Anyway, back to March: I’ve almost turned 29, thinking I could really do more with my life and decide to make a list of 30 things to do before I turn 30. I like lists. I like crossing things off of lists. They keep me in line. I decide this is a really good idea.

I then completely forget about it for about six weeks.

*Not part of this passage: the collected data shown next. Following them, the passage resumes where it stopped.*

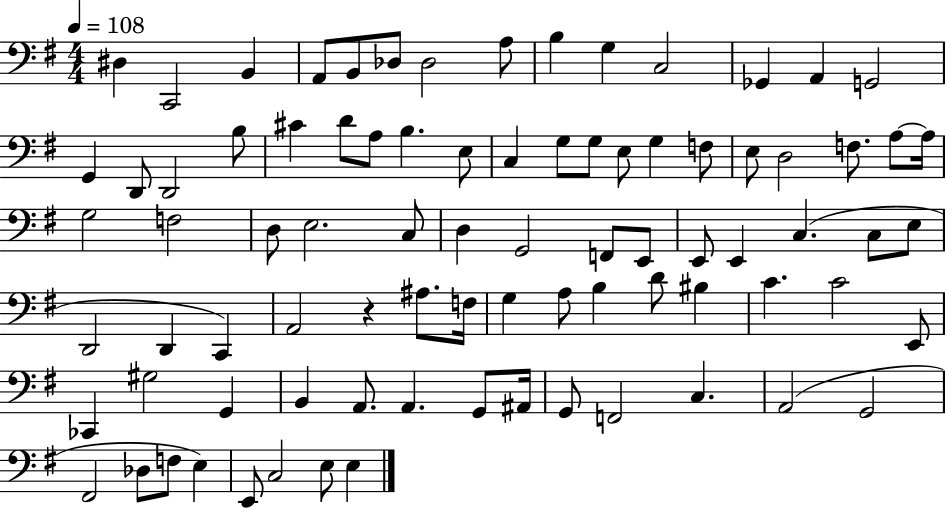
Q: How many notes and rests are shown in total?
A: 84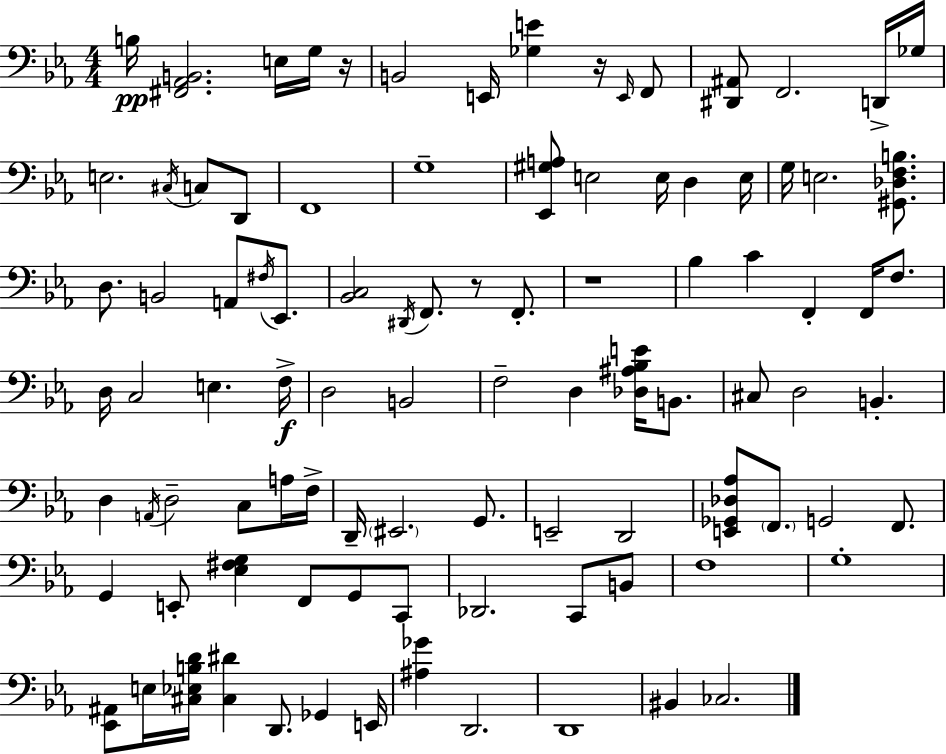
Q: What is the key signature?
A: C minor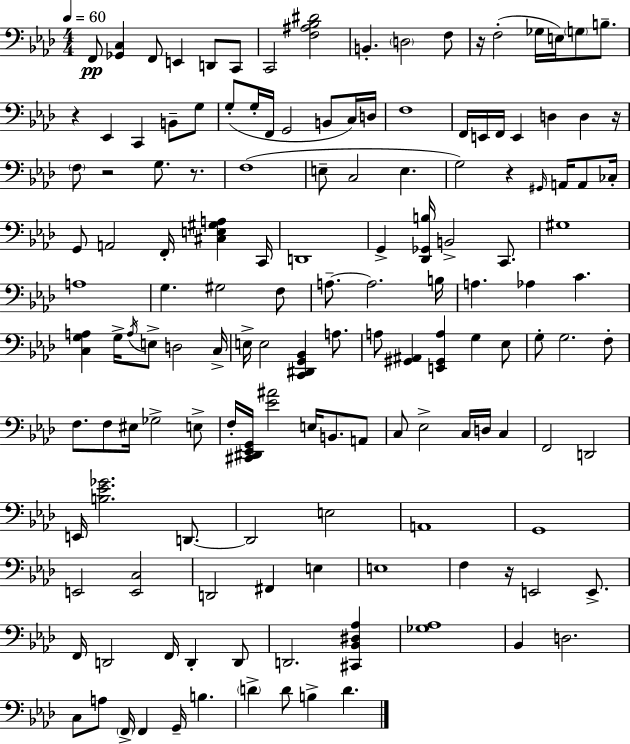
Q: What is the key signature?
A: AES major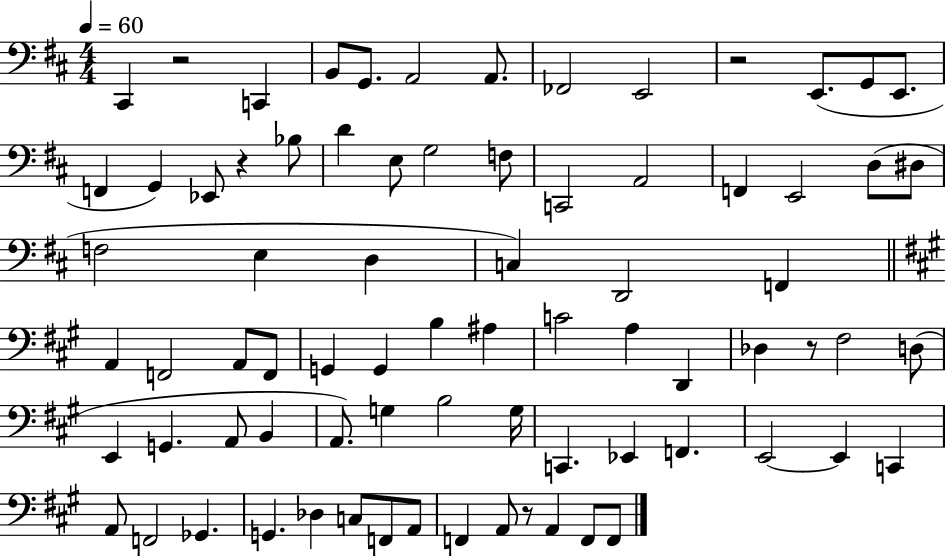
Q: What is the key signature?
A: D major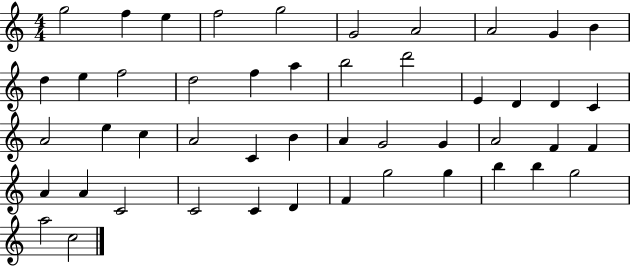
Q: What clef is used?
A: treble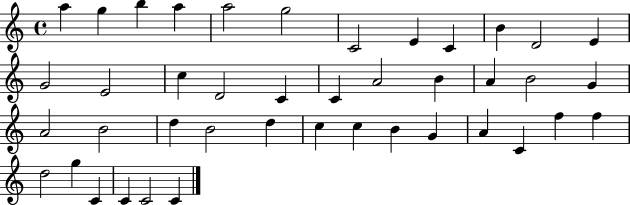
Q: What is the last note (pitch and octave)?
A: C4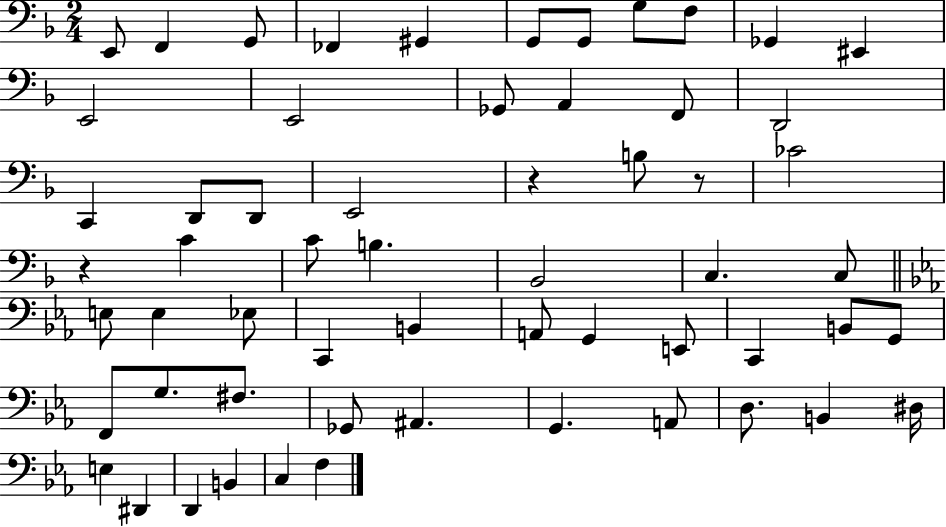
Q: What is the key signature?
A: F major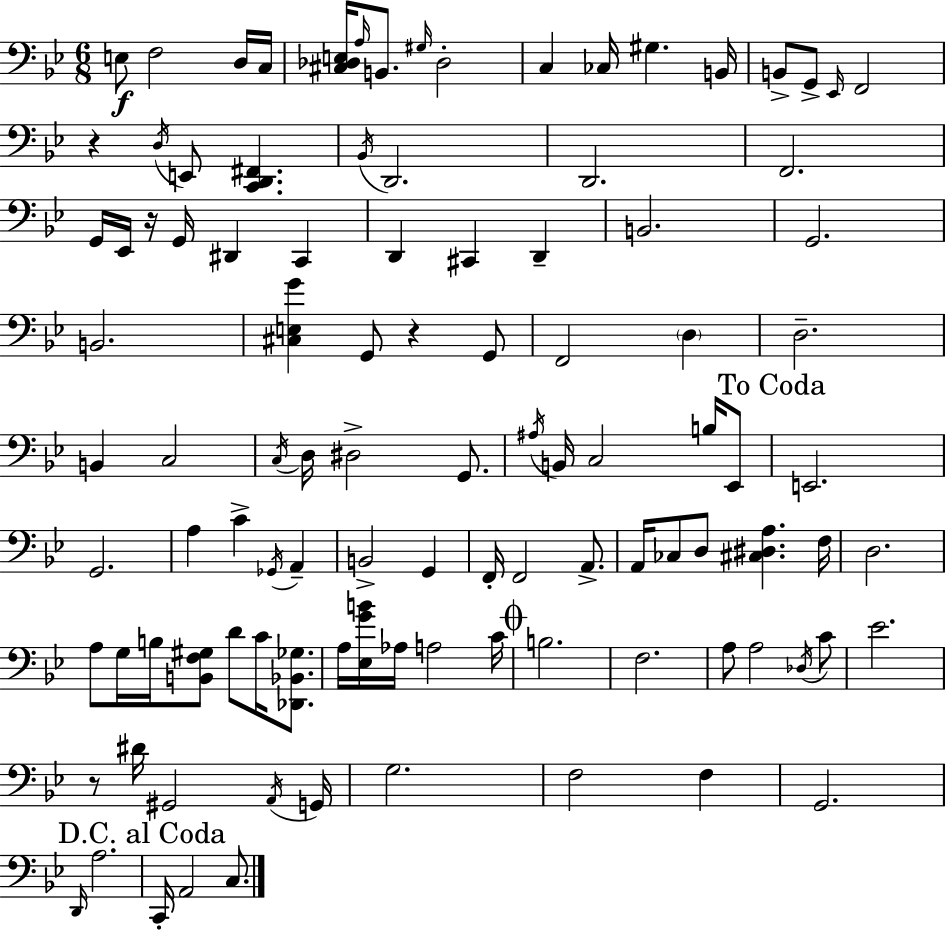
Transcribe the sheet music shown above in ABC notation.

X:1
T:Untitled
M:6/8
L:1/4
K:Gm
E,/2 F,2 D,/4 C,/4 [^C,_D,E,]/4 A,/4 B,,/2 ^G,/4 _D,2 C, _C,/4 ^G, B,,/4 B,,/2 G,,/2 _E,,/4 F,,2 z D,/4 E,,/2 [C,,D,,^F,,] _B,,/4 D,,2 D,,2 F,,2 G,,/4 _E,,/4 z/4 G,,/4 ^D,, C,, D,, ^C,, D,, B,,2 G,,2 B,,2 [^C,E,G] G,,/2 z G,,/2 F,,2 D, D,2 B,, C,2 C,/4 D,/4 ^D,2 G,,/2 ^A,/4 B,,/4 C,2 B,/4 _E,,/2 E,,2 G,,2 A, C _G,,/4 A,, B,,2 G,, F,,/4 F,,2 A,,/2 A,,/4 _C,/2 D,/2 [^C,^D,A,] F,/4 D,2 A,/2 G,/4 B,/4 [B,,F,^G,]/2 D/2 C/4 [_D,,_B,,_G,]/2 A,/4 [_E,GB]/4 _A,/4 A,2 C/4 B,2 F,2 A,/2 A,2 _D,/4 C/2 _E2 z/2 ^D/4 ^G,,2 A,,/4 G,,/4 G,2 F,2 F, G,,2 D,,/4 A,2 C,,/4 A,,2 C,/2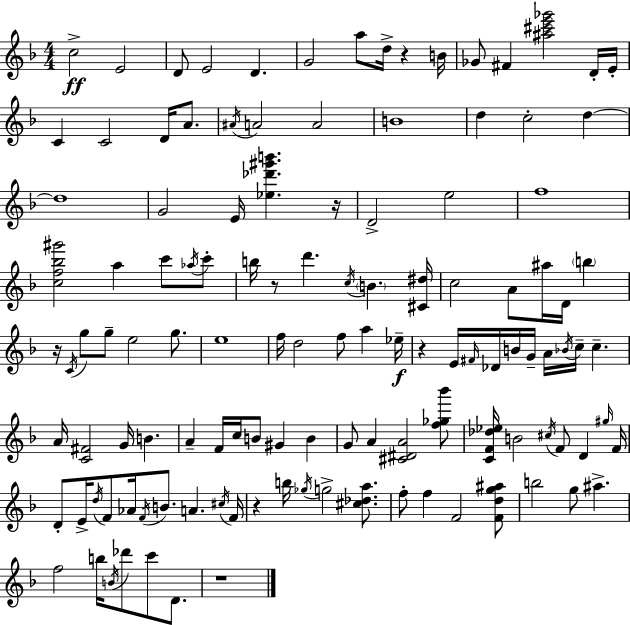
X:1
T:Untitled
M:4/4
L:1/4
K:F
c2 E2 D/2 E2 D G2 a/2 d/4 z B/4 _G/2 ^F [^a^c'e'_g']2 D/4 E/4 C C2 D/4 A/2 ^A/4 A2 A2 B4 d c2 d d4 G2 E/4 [_e_d'^g'b'] z/4 D2 e2 f4 [cf_b^g']2 a c'/2 _a/4 c'/2 b/4 z/2 d' c/4 B [^C^d]/4 c2 A/2 ^a/4 D/4 b z/4 C/4 g/2 g/2 e2 g/2 e4 f/4 d2 f/2 a _e/4 z E/4 ^F/4 _D/4 B/4 G/4 A/4 _B/4 c/4 c A/4 [C^F]2 G/4 B A F/4 c/4 B/2 ^G B G/2 A [^C^DA]2 [f_g_b']/2 [CF_d_e]/4 B2 ^c/4 F/2 D ^g/4 F/4 D/2 E/4 d/4 F/2 _A/4 F/4 B/2 A ^c/4 F/4 z b/4 _g/4 g2 [^c_da]/2 f/2 f F2 [Fdg^a]/2 b2 g/2 ^a f2 b/4 B/4 _d'/2 c'/2 D/2 z4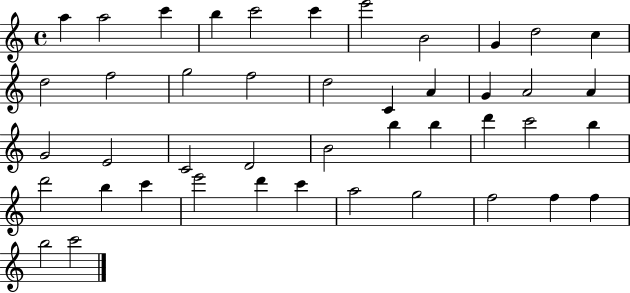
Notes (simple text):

And then today, on a gorgeously sunny Sunday, I did absolutely nothing productive. Wait, that’s not true – a patched up a hole in a second-hand purse I bought because all this weird orange powder kept falling out of it. I assume that the original owner of the purse was a drug mule and cocaine oxidizes over time.  But still, not a super productive day. And so, to counteract my laziness and my guilt for not tackling Mt. Cereal Bowl, I created my Shit To Do Before 30 list:

  1. Start a blog. (BOOYAH.)
  2. Read Infinite Jest. All 473829384 pages of it. And the footnotes.
  3. Knit a sweater that I will actually wear out in public (and not just at an Ugly Sweater party)
  4. Watch every Hitchcock movie.
  5. Walk across the Golden Gate Bridge.
  6. Grow a plant from a seed. And then try not to kill it.
  7. Watch the sunrise.
  8. Host a dinner party for all my lady friends. (Which, considering the myriad of dietary restrictions that exist between them, might just consist of a bowl of baby carrots and a bottle of vodka. But, baby carrots and vodka served on fancy dishes.)
  9. Print out, frame, and hang up all my favorite online photos before Mark Zuckerberg steals them, frames them, and tries to pretend like they’re his friends.
  10. Complete the Couch to 5K running program. Or, finally just break off my bad ankle. Whichever comes first.
  11. Go to a music festival.
  12. Get a short story published.
  13. Go fishing with dad. Try not to slip and fall into the river. AGAIN.
  14. Ride in a hot air balloon.
  15. Learn to drive a stick shift.
  16. Pay off debt (excluding student debt, which will be haunting my ass for the next 20 years or until I die, whichever comes first.)
  17. Achieve my ideal weight. Hopefully, with some hard work and diligence, my dream of being 800 lbs. will be realized.
  18. Create a budget and stick to it, i.e. – More money into savings account, less on nail polish.
  19. Have an emergency fund. I’m pretty sure my feminine charms won’t help pay for any sort of medical expenses should something happen.
  20. Pet a cow.
  21. Make my own beer. Then get drunk off of my own beer.
  22. Make 100 paper cranes. Then: figure out something to do with 100 paper cranes -OR- recycle 100 paper cranes.
  23. Learn the how to find constellations.
  24. Have a girls’ weekend with Mom.
  25. Find a career that I enjoy.

There are five spaces left because a) I couldn’t think of anything else off the top of my head, and b) I may find something else I want to do later on. If not, then clearly all I need to do are those 25 things and my entire life will be complete. Because, let’s face it, after petting cow, there’s nowhere to go but down.